- What you need to do -
Only one stretch of the material below is wanted: everything from the line containing "Passenger Cabin on" down to the line containing "Zoko Happy Bear", both ends included. Repeat it exactly and skip the pictures.

- Data provided -

_ _ _

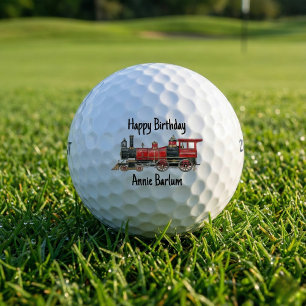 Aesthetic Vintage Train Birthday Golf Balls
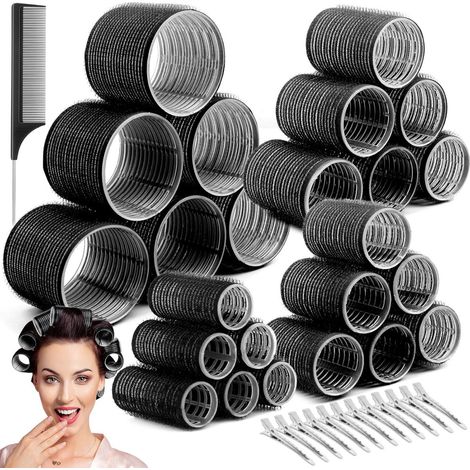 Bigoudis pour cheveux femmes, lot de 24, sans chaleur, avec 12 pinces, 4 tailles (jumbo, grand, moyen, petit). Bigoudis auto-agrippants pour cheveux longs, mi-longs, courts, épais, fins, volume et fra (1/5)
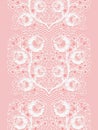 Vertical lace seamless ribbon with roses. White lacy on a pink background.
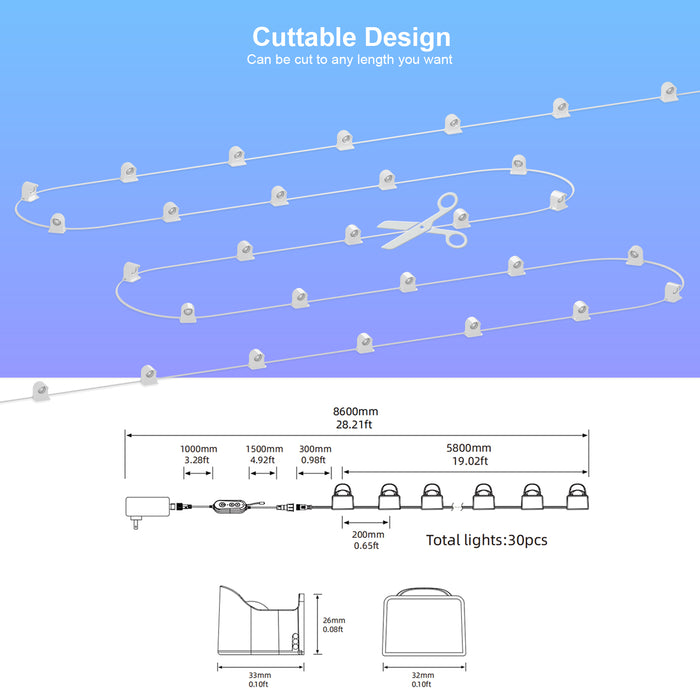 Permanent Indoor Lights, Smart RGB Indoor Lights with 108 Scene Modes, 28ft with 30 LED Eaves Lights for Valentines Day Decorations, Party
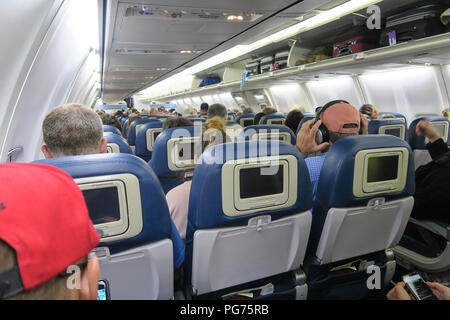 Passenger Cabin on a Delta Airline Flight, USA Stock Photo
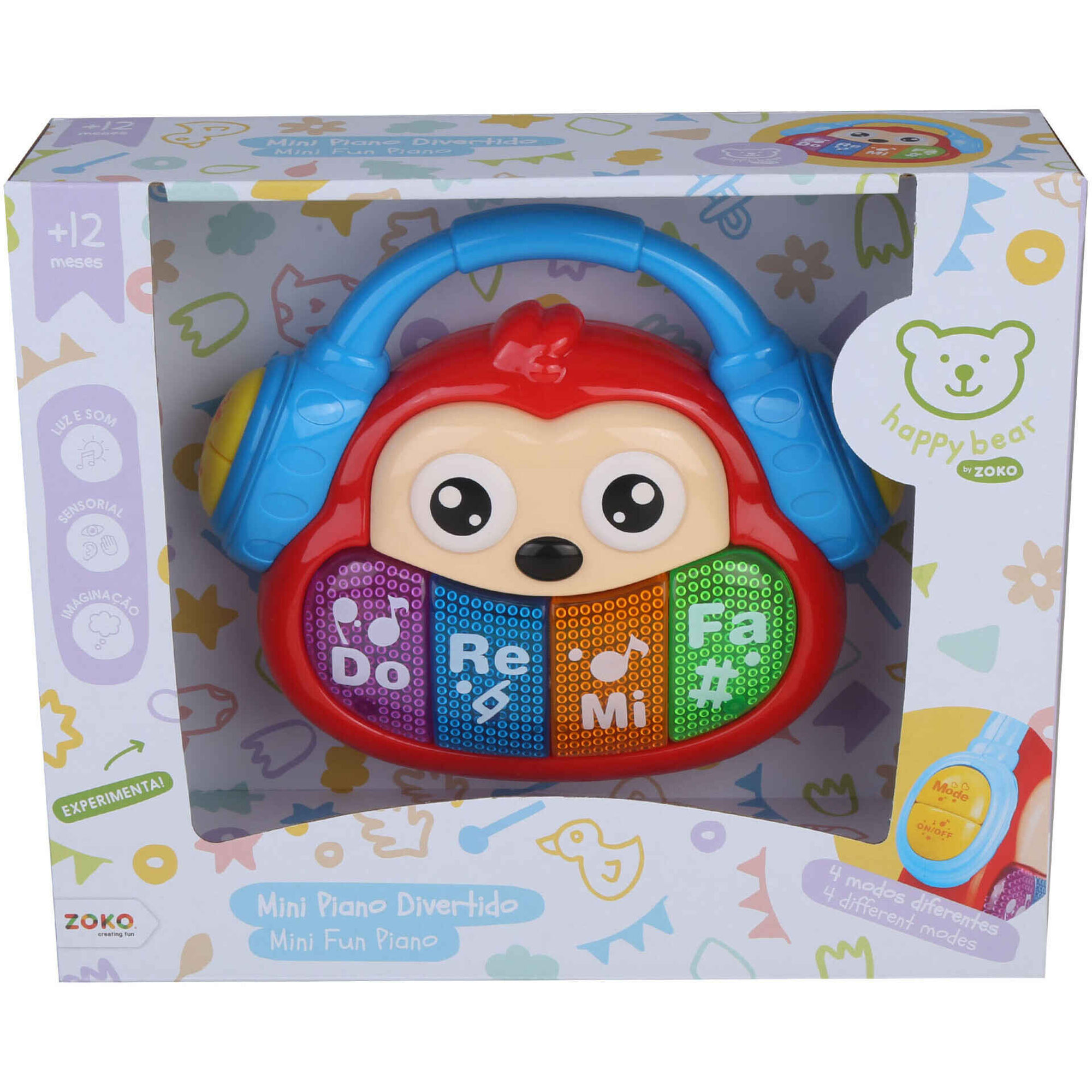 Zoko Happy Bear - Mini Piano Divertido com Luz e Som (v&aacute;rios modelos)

_ _ _

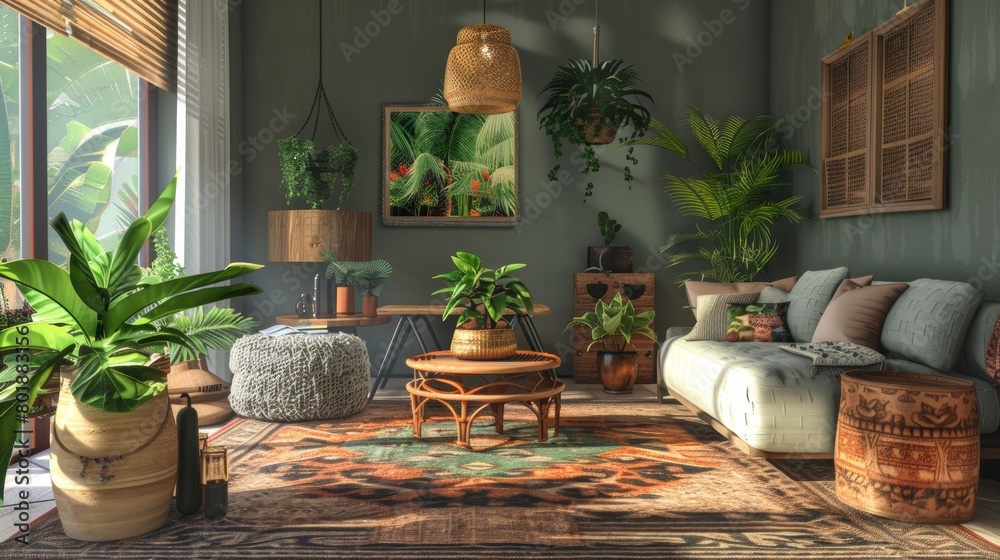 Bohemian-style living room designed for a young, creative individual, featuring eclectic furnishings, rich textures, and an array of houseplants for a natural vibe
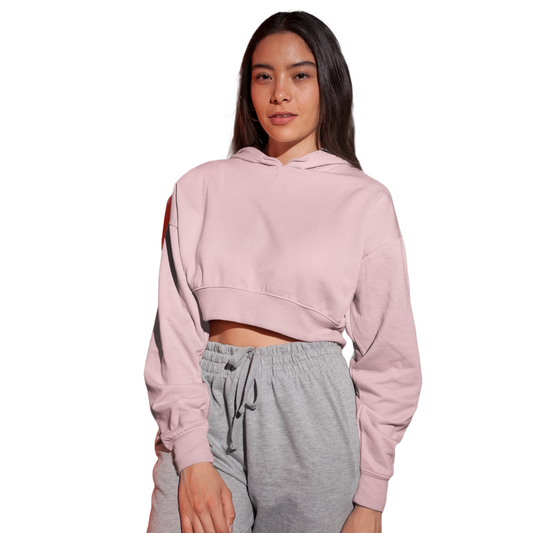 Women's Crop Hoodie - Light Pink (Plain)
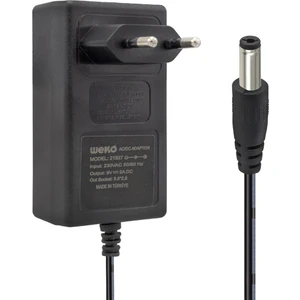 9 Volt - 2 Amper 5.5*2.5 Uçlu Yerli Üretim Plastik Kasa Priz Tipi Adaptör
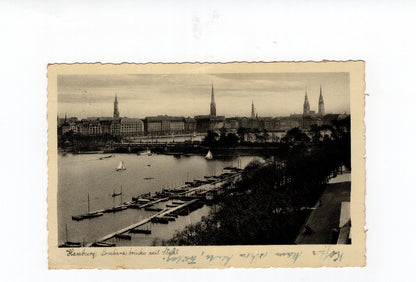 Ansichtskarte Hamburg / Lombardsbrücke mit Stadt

_ _ _

- Response -
 Passenger Cabin on a Delta Airline Flight, USA Stock Photo
 Zoko Happy Bear - Mini Piano Divertido com Luz e Som (v&aacute;rios modelos)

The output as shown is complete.